Every palindrome in the set ST has an associated integer value that is initially zero.

Answer Q of the following queries.

• 1 \ L \ R \ P \ X : Add X to the value of every palindrome that
• (i) can be expressed as T + S[L..R] + rev(T) for some (possibly empty) string T, and
• (ii) are substrings of the prefix S[1..P]
• 2 \ L \ R : Print the value of the palindrome S[L..R].
• It is guaranteed that S[L..R] is a palindrome for all queries.

# QUICK EXPLANATION:

We first build the palindrome tree PT of the given string S. Let \texttt{node}(S) be the node of the palindrome tree corresponding to the palindrome S.

The set of palindrome strings that can be expressed as T + S[L..R] + rev(T) correspond to nodes in the subtree of \texttt{node}(S[L..R]).
In order to answer subtree queries, we order the nodes of PT in dfs order.
Let \texttt{dfs\_in}[i] be the number of nodes visited before \texttt{node}(ST[i]) is visited for the first time in dfs order and similarly define \texttt{dfs\_out}[i].

If we represent each palindrome ST[i] as a point in 2D, say (x, y) where

• x is the smallest R such that ST[i] = S[L..R] for some L (i.e. the first occurrence of ST[i] in the string S)
• y is the index of \texttt{node}(ST[i]) in any valid dfs ordering of the tree PT

then, the first query can be rewritten as

• Add X to all points (a, b) such that 1 \leq a \leq P and \texttt{dfs\_in}[i] \leq b \leq \texttt{dfs\_out}[i]

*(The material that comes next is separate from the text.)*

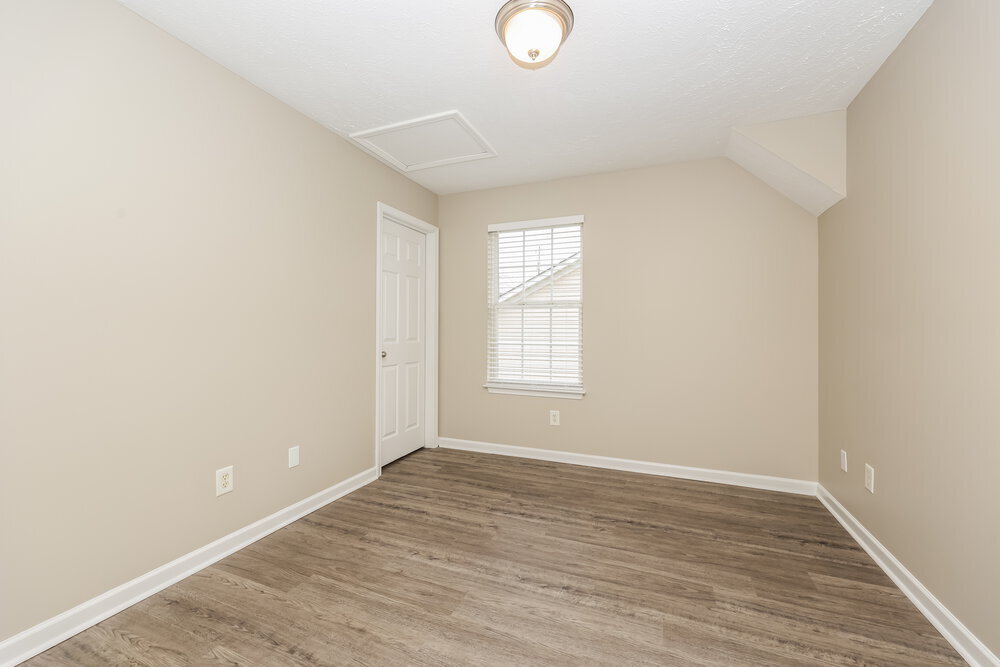 Building Photo - 179 Howard Woody Dr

For the second query we simply need evaluate the value of the point (x, y).

Both these queries can be implemented as a 2D version of any (point update - range query) data structure (such as segment tree or binary indexed tree) .

The only part left is to find which palindrome the string S[L..R] belongs to, i.e. compute \texttt{node}(S[L..R]). As palindromes can occur multiple times, this is not trivial to do. A simple approach might be to use rolling hashes, however we can make use of the already constructed palindrome tree.

We already determine (while constructing the palindrome tree) the node corresponding to the largest palindrome ending at R for every R = 1, 2, \dots N. Furthermore we also have suffix links pointing towards the next largest palindrome ending at R. Therefore we can follow the suffix links until we obtain a string with the same length as S[L..R] which would be the desired node. To speed up the process, we can use binary lifting over the suffix links to compute such a node in O(\log N) time.

# EXPLANATION:

Prerequisites : Palindrome Tree

We strongly recommend that you learn about palindrome trees in detail (for example from adilet’s blog).

For convenience, we describe here what the palindromic tree is and the useful by products of the algorithm to compute it (only the essential details).

A palindromic tree is a “trie-like” data structure of a string S[1..N] with the following properties

• Every palindromic substring of S corresponds to a node of the tree.
• For convenience let \texttt{node}(S[L..R]) be the node of the tree corresponding to the palindromic substring S[L..R]. Note that even if a substring occurs more than once, there is only a single node corresponding to this string. Whenever we refer to \texttt{node}(A) for a string A, it should be understood that A is a palindromic substring of S.
• There is a directed edge with label c from \texttt{node}(A) to \texttt{node}(B) if B = c A c (for some character c and palindromic substrings A, B).
• For every node we also store links (called suffix links) to longest proper suffixes, i.e. \texttt{sufLink}(\texttt{node}(A)) = \texttt{node}(B) if B is the longest proper suffix of A.
• The total number of nodes in the tree is at most N + 2. A clear consequence of this is that there are at most N+2 distinct palindromic substrings of S (you may try to prove this for yourself, there are at most N are non-empty palindromic substrings).
• We cannot afford to store the entire substring inside the node that it represents (this can lead to O(N^2) space for even the simple string aa\dots a), however we can store starting and ending indices of the first occurrence of the substring.
• The data structure can be built using only O(N) space and in O(N) time.
• Additionally we also have for every R = 1, 2, \dots N, the (node corresponding to) longest suffix of S[1..R] that is a palindromic substring
Mapping substrings to palindromes

The queries given refer to the palindromes as substrings S[L..R]. The palindromic tree computed only has the first occurrence of these palindromes, not all of them.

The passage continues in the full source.